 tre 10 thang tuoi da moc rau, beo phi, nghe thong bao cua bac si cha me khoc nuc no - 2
...
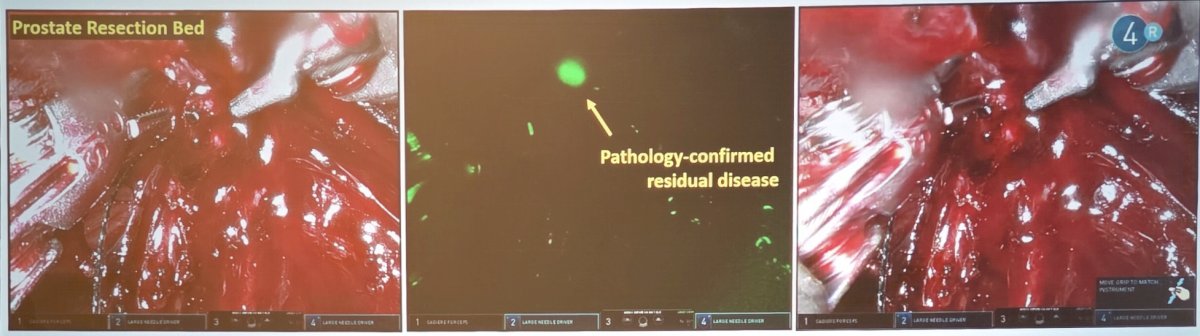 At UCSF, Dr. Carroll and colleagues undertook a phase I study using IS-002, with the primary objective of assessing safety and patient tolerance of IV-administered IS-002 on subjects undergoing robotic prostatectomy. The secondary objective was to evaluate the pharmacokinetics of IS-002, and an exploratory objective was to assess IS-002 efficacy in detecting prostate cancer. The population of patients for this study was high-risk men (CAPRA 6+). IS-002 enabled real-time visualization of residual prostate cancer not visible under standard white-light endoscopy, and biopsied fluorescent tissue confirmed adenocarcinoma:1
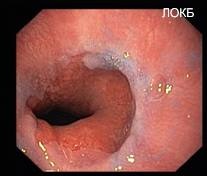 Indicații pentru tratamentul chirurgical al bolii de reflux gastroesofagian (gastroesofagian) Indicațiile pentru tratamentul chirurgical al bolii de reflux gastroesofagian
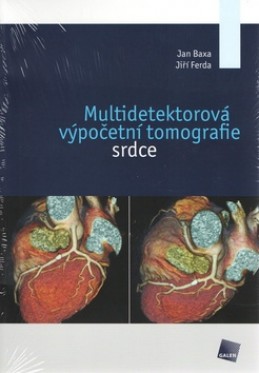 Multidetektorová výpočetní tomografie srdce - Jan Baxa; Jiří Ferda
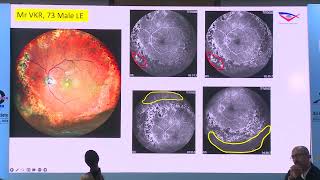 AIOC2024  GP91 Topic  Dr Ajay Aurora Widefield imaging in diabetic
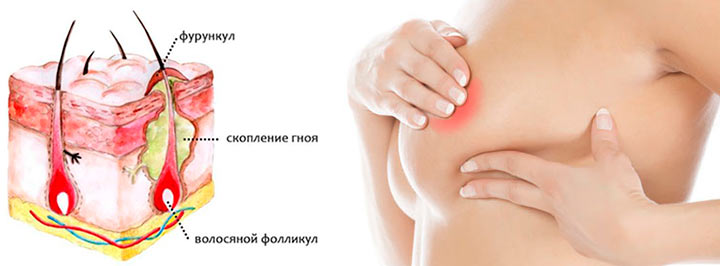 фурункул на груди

### Task item:
Write out the lines above from the one with "Multidetektorová výpočetní tomografie" through the one with "фурункул на груди", ends included, exactly; no picture goes in.

### Expected output:
 Multidetektorová výpočetní tomografie srdce - Jan Baxa; Jiří Ferda
 AIOC2024  GP91 Topic  Dr Ajay Aurora Widefield imaging in diabetic
 фурункул на груди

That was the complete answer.